→ **Information supplied**:
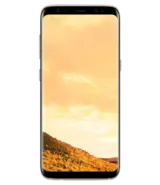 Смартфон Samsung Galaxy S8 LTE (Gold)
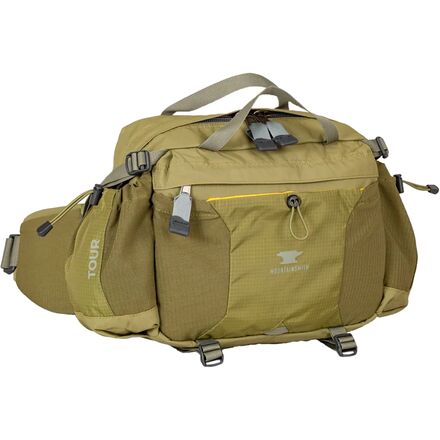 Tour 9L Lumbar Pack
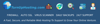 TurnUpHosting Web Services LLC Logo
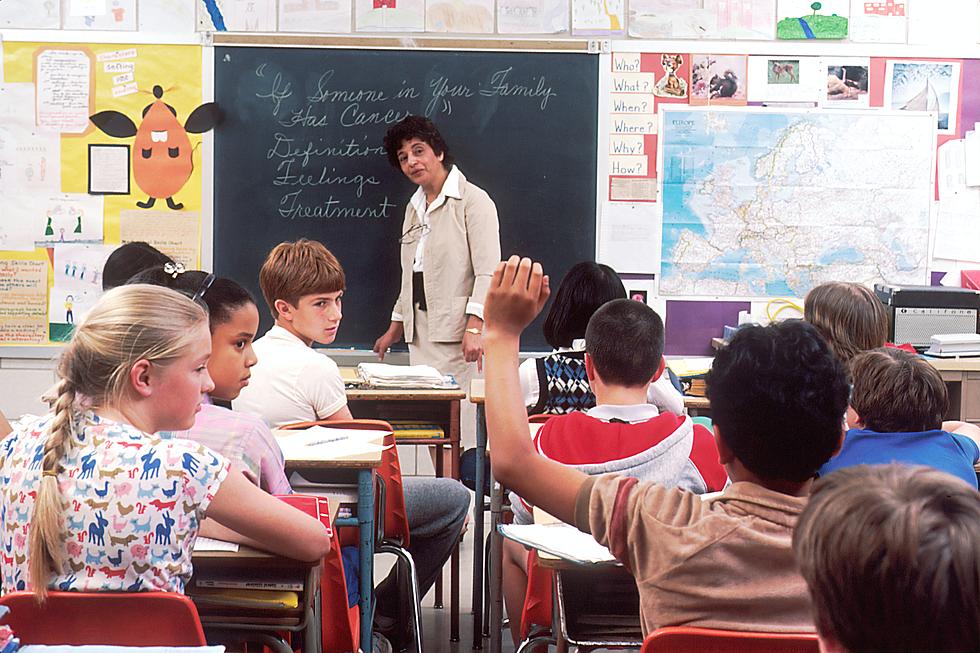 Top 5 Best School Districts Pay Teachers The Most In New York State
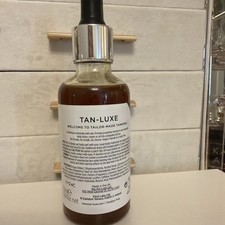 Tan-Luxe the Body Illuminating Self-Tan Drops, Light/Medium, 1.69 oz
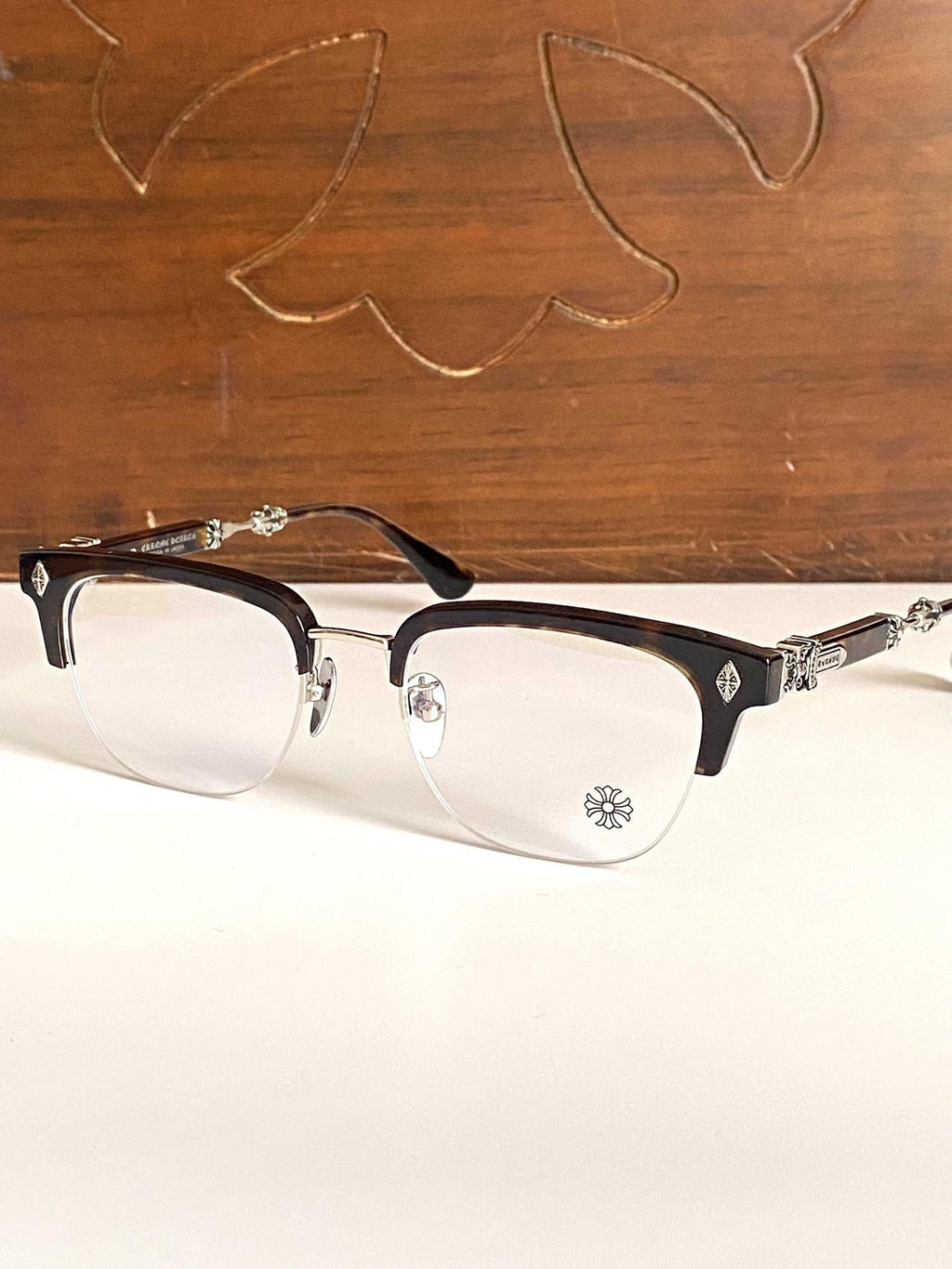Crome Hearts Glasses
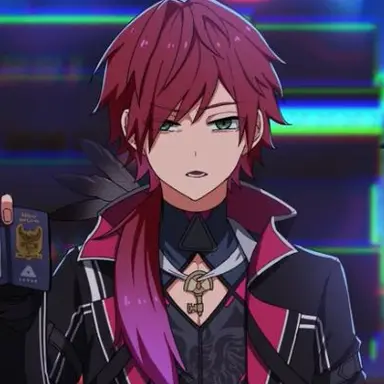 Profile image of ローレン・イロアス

---

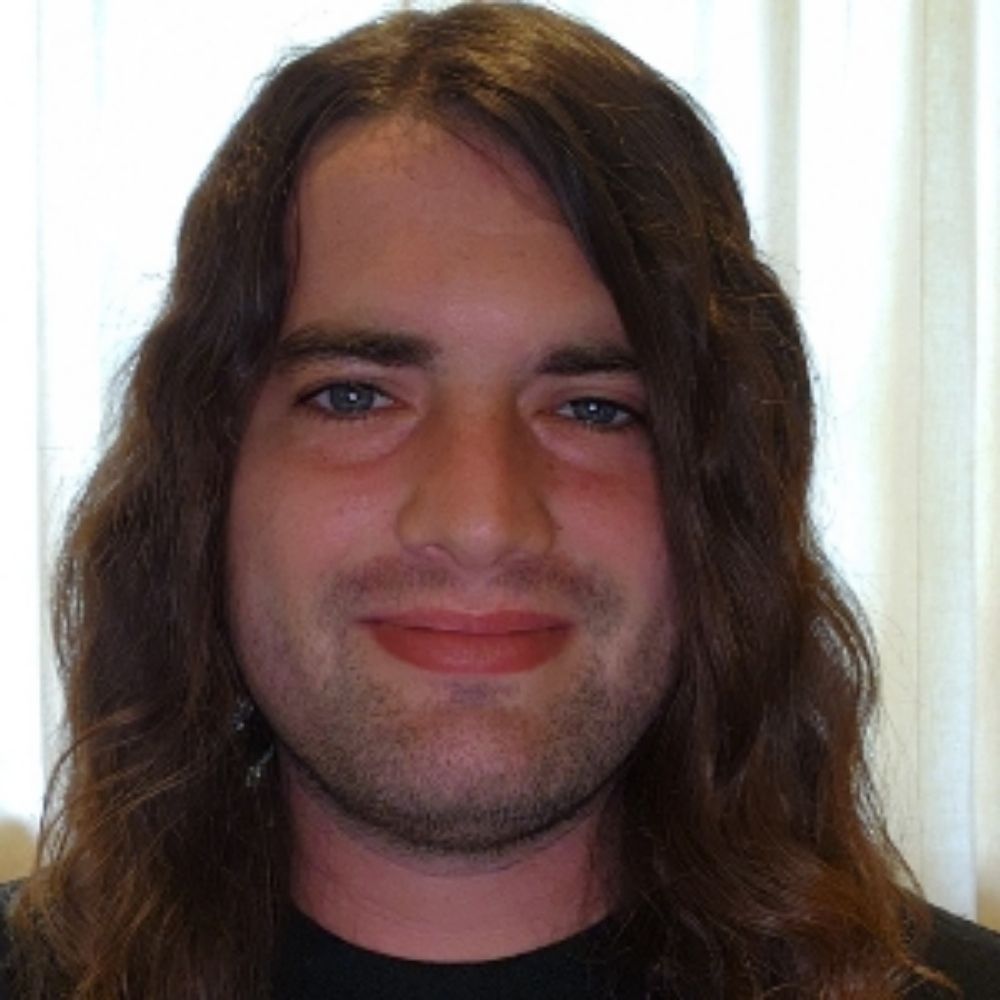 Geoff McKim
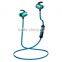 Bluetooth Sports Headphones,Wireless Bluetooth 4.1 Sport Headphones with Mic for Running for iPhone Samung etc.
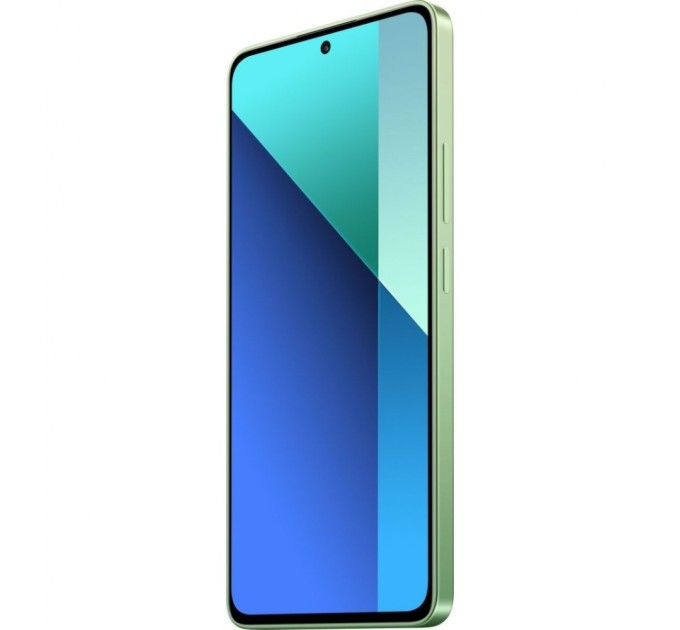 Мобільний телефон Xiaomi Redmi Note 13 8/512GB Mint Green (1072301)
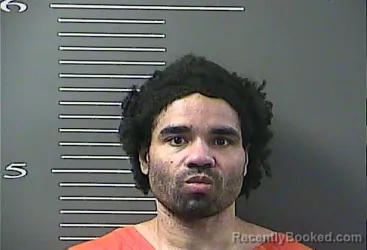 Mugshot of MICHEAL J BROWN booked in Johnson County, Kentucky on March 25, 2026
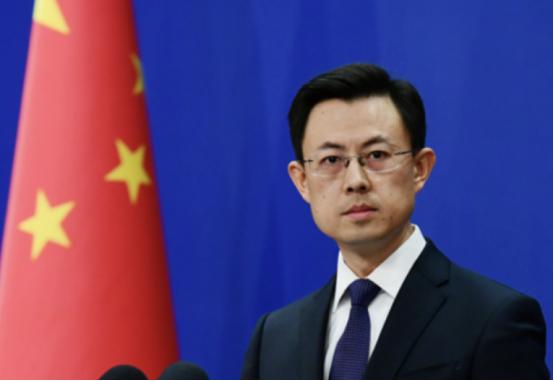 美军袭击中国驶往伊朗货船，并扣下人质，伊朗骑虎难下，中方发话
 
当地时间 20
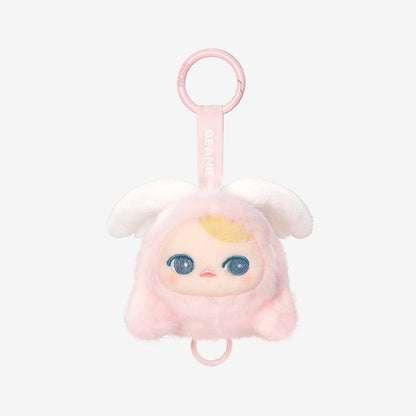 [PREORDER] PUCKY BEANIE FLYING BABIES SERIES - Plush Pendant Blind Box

--

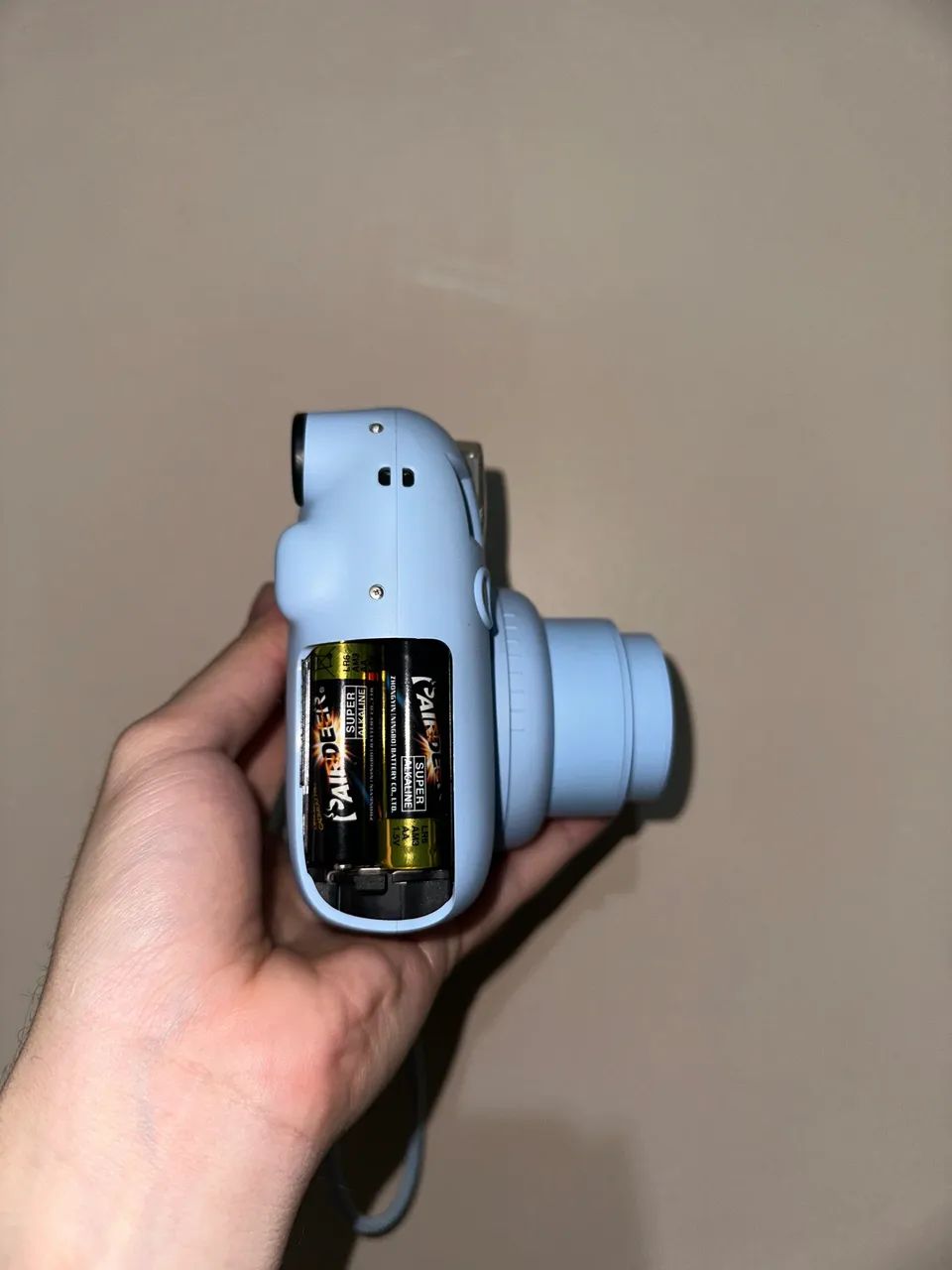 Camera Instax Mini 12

→ **What the task requires**:
Leaving all pictures out, output exactly the lines of the material above from the line with "Mugshot of MICHEAL" to the line with "[PREORDER] PUCKY BEANIE", both included.

→ **Solution for this exercise**:
 Mugshot of MICHEAL J BROWN booked in Johnson County, Kentucky on March 25, 2026
 美军袭击中国驶往伊朗货船，并扣下人质，伊朗骑虎难下，中方发话
 
当地时间 20
 [PREORDER] PUCKY BEANIE FLYING BABIES SERIES - Plush Pendant Blind Box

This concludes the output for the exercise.